=== EXERCISE BRIEF ===
In the records below, repeat exactly the lines between the line holding "Suzuki Swift 2024 Avt" and the line holding "Venta Casa 4", inclusive, and drop the pictures.
(GIVEN INFORMATION Opens)
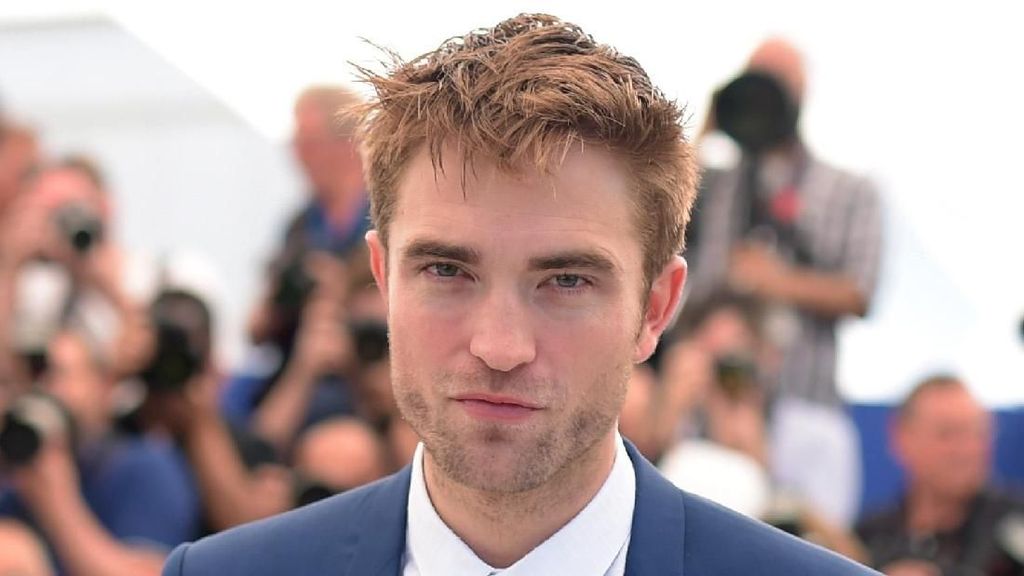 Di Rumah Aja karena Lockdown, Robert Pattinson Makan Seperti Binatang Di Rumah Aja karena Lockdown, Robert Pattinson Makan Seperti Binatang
(GIVEN INFORMATION Closes)
(GIVEN INFORMATION Opens)
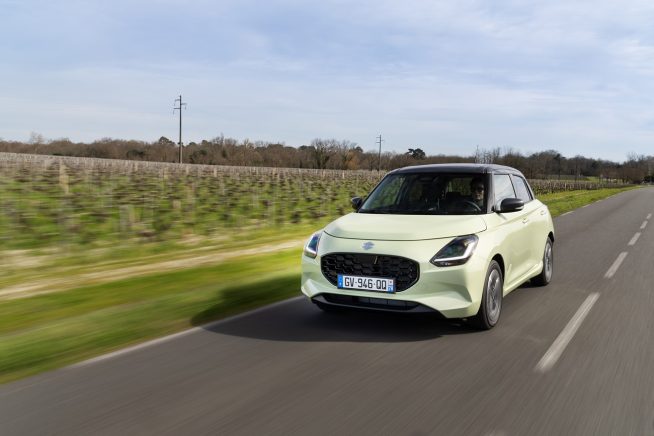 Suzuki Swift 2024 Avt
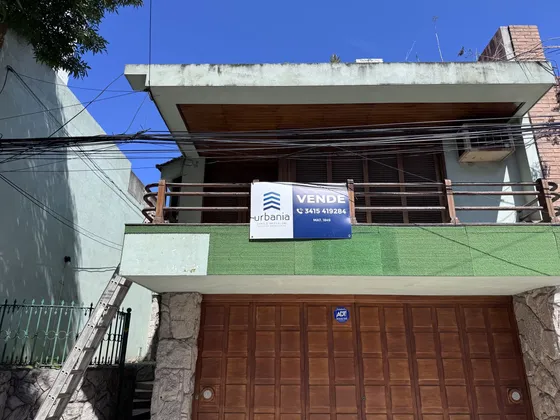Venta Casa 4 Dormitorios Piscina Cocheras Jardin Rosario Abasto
(GIVEN INFORMATION Closes)
=== WRITTEN SOLUTION ===
 Suzuki Swift 2024 Avt
Venta Casa 4 Dormitorios Piscina Cocheras Jardin Rosario Abasto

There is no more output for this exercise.